I always see him when I'm wearing my ripped pants. I think its because of the hole in the crotch. My vag sends out supersonic "I'm horny" waves to him. Otherwise the calls are muffled.
Every time I type "should" my phone autocorrects to "shouldn't". even my phone knows my ideas are terrible.
"Students using Axe body spray to light selves on fire" is a real headline from a real newspaper. WHY AREN'T WE DOING THIS RIGHT NOW?
I turn the corner to find her walking in the front door in a tee-shirt, two different shoes and no pants. All she said to me was "I'm sad"
You "were" hungover, which is past tense. So that gives you no excuse not to go out tonight.
You do realize that we got a stripper to do the YMCA for us on the main stage... Right?
I was in a house full of lesbians and they were all staring at me. I felt like the last cresent roll on Thanksgiving.
You're a disgrace to the female race and the love triangle and halloween.
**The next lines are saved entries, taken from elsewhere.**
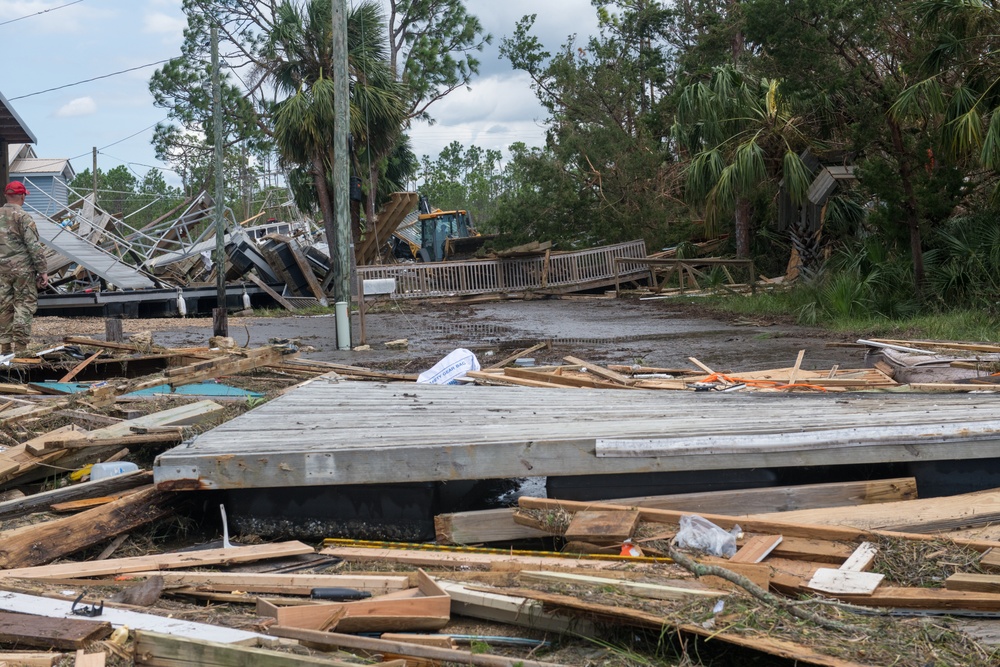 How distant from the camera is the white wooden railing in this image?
1035 inches

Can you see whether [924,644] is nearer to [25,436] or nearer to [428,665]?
[428,665]

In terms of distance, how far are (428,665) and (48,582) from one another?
184 cm

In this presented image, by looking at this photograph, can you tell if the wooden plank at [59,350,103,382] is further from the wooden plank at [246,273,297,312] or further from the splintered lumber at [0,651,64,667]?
the wooden plank at [246,273,297,312]

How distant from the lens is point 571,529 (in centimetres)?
412

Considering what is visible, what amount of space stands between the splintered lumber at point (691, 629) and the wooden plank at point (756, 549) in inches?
25.7

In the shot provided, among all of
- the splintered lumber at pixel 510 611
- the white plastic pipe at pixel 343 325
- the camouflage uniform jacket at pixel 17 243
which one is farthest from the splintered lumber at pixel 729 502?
the white plastic pipe at pixel 343 325

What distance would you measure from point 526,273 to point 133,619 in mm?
24054

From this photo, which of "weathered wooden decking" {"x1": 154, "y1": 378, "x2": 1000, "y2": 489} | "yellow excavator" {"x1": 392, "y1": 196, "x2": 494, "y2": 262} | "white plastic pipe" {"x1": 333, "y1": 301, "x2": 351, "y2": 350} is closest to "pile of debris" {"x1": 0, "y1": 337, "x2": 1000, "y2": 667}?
"weathered wooden decking" {"x1": 154, "y1": 378, "x2": 1000, "y2": 489}

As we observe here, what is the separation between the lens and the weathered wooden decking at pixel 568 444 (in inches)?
177

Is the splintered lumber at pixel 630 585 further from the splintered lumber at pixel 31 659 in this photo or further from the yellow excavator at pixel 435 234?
the yellow excavator at pixel 435 234

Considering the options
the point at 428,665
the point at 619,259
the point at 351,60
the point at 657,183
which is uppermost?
the point at 351,60

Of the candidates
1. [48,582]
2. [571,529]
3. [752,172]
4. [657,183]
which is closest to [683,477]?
[571,529]

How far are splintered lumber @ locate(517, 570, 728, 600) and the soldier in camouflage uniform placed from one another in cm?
875

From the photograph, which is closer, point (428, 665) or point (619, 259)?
point (428, 665) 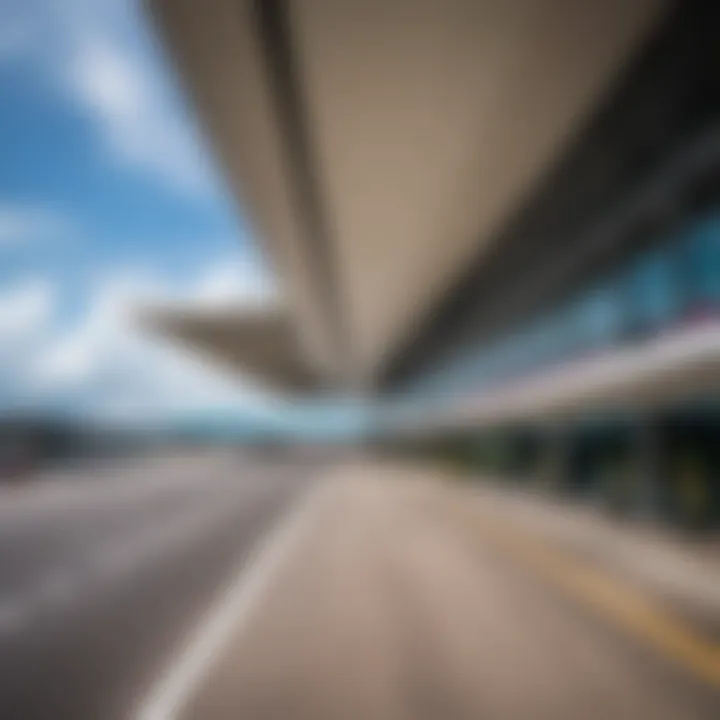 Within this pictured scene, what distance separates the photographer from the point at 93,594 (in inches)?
316

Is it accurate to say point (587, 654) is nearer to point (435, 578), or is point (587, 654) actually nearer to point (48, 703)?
point (48, 703)

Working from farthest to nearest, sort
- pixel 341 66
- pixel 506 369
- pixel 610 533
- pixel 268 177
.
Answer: pixel 506 369, pixel 610 533, pixel 268 177, pixel 341 66

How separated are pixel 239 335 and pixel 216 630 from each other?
3574cm

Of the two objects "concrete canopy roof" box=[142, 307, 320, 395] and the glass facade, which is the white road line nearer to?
the glass facade

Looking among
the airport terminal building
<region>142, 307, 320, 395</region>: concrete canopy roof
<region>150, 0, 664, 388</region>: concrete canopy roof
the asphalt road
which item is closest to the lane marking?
the airport terminal building

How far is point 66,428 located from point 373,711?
1.95 m

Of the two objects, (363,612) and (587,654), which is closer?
(587,654)

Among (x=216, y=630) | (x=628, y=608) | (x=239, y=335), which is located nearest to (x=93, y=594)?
(x=216, y=630)

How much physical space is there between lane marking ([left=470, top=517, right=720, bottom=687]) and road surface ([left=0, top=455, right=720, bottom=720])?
0.03 m

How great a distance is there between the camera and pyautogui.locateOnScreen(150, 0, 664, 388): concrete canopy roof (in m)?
7.13

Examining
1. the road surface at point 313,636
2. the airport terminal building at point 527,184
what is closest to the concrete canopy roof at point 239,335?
the airport terminal building at point 527,184

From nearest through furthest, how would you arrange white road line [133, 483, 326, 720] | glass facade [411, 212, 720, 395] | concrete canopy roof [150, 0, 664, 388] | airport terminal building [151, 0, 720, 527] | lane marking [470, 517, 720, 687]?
white road line [133, 483, 326, 720]
lane marking [470, 517, 720, 687]
concrete canopy roof [150, 0, 664, 388]
airport terminal building [151, 0, 720, 527]
glass facade [411, 212, 720, 395]

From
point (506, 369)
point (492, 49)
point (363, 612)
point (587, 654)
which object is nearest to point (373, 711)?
point (587, 654)

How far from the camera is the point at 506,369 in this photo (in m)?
30.8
I truly just stopped puking in my 730 am calculus class, looked up, corrected my professor, then resumed puking my eyes out. He was both impressed and disgusted.
It might be whiskey, but I view Marge and Homer Simpson as something to strive for
I left my panties in the microwave for too long and they caught on fire
You don't know how small your school is until you know everyone in the ER on a Friday night.
After the first time we had sex he kept saying "I'm proud of you" over and over again
And then the night went full on bisexual.
We both know we're cheating on one another. But our side pieces aren't as kinky as us...so yeah, we're still together. This is a fucked up relationship.